▶ **EXERCISE PROMPT**
All of the entries below should be printed exactly; the pictures are to be left out.

▶ **RECORDS TO USE**
· · ·

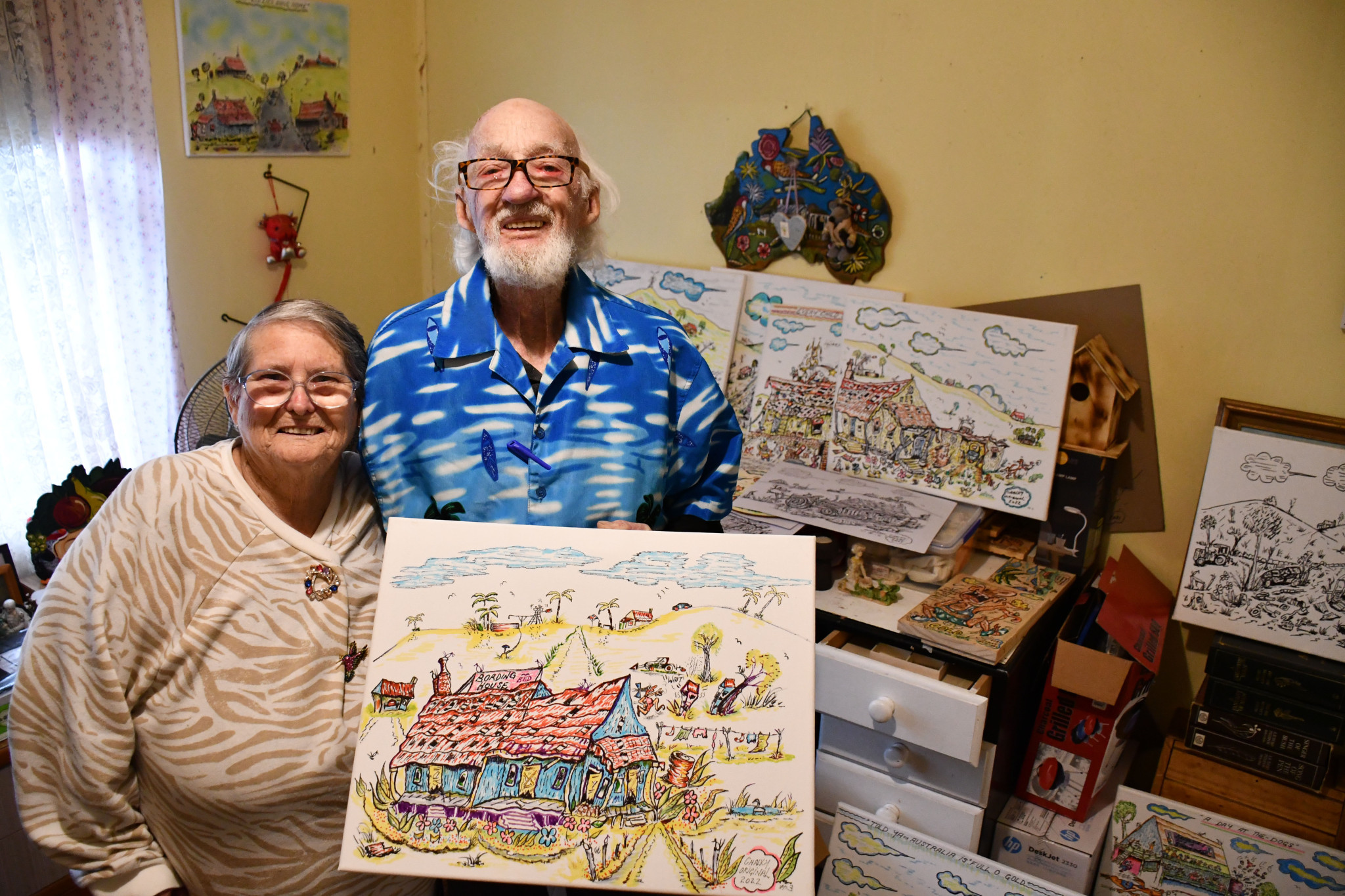 Chalky and his partner Joyce Le Fevre with his many pieces of artwork.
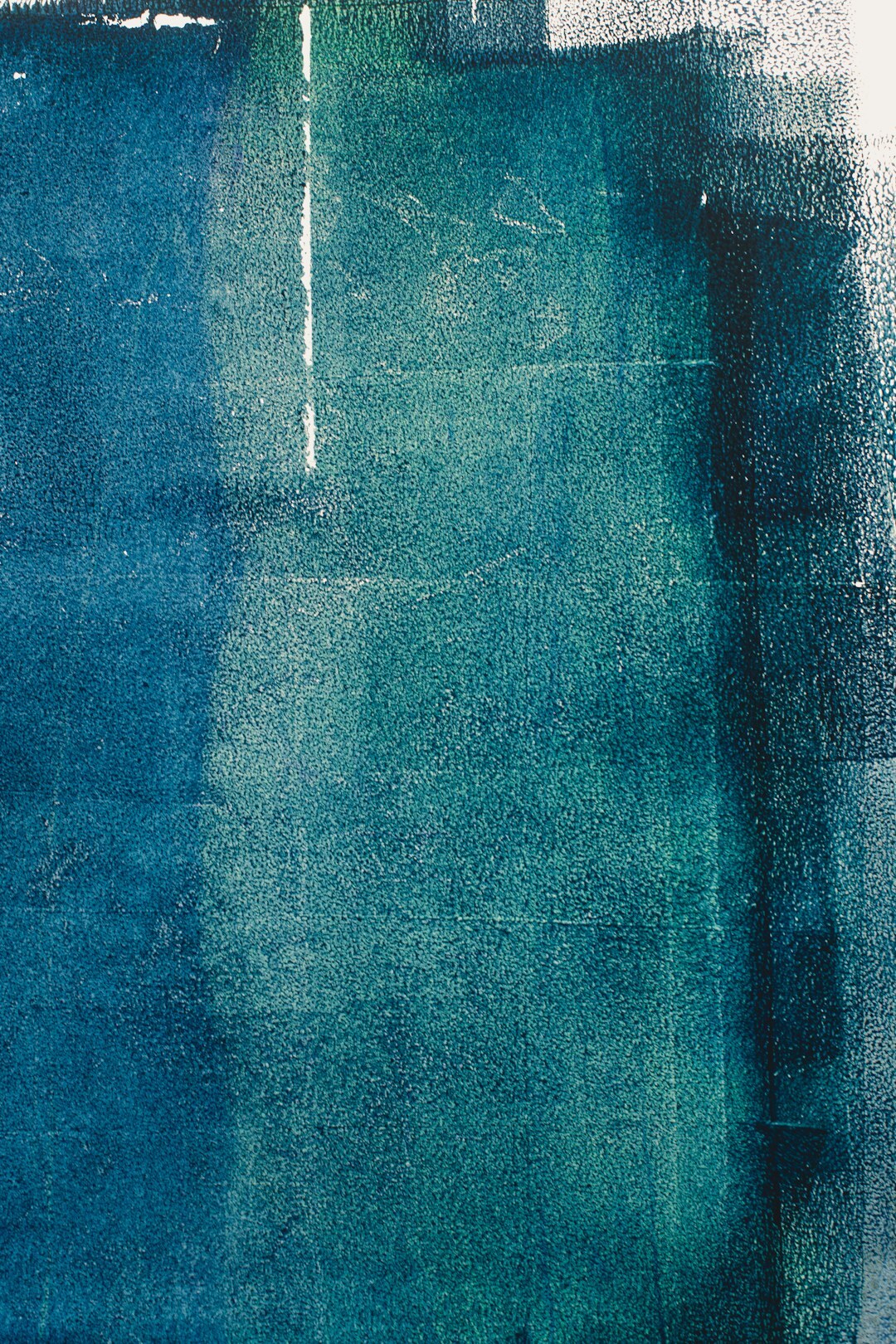 Abstract painting with blue and teal paint texture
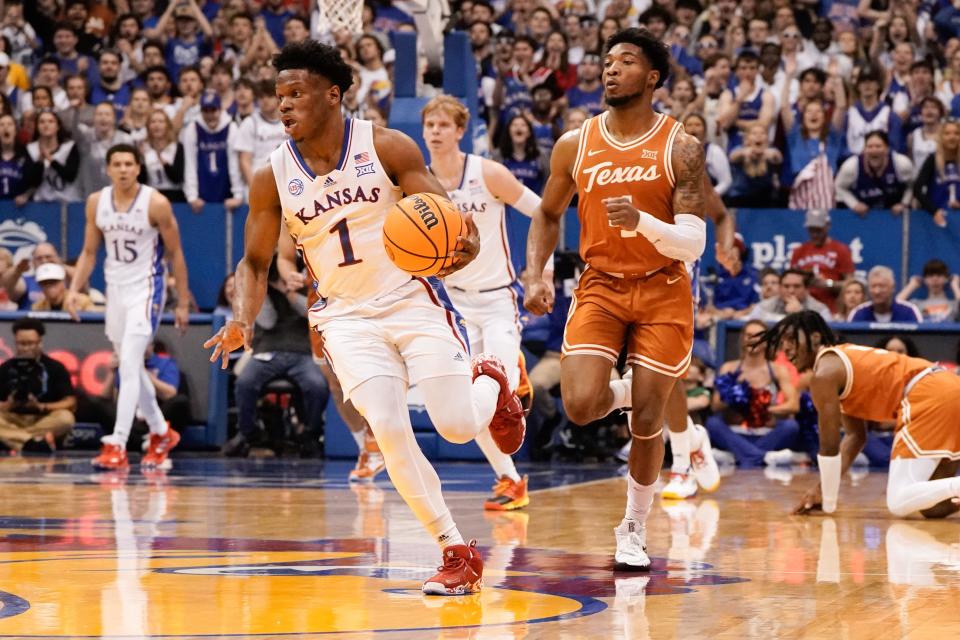 Kansas junior guard Joseph Yesufu (1) drives down the court after a change of possession in the first half of Monday's game against Texas inside Allen Fieldhouse.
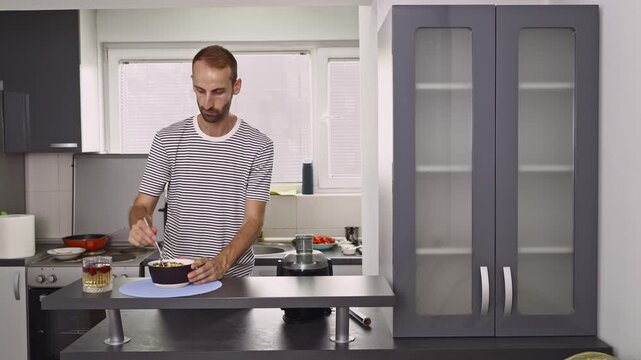 A young man enjoys a healthy breakfast meal in his modern kitchen. He is seen eating and savoring the nutritious food, representing a balanced lifestyle at home.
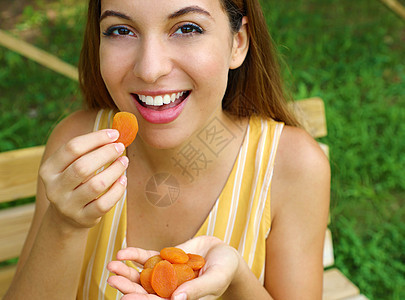 美丽的年轻女子在公园里吃干果 健康的食物概念 (笑声)图片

· · ·

▶ **ANSWER TO THIS PROBLEM**
 Chalky and his partner Joyce Le Fevre with his many pieces of artwork.
 Abstract painting with blue and teal paint texture
 Kansas junior guard Joseph Yesufu (1) drives down the court after a change of possession in the first half of Monday's game against Texas inside Allen Fieldhouse.
 A young man enjoys a healthy breakfast meal in his modern kitchen. He is seen eating and savoring the nutritious food, representing a balanced lifestyle at home.
 美丽的年轻女子在公园里吃干果 健康的食物概念 (笑声)图片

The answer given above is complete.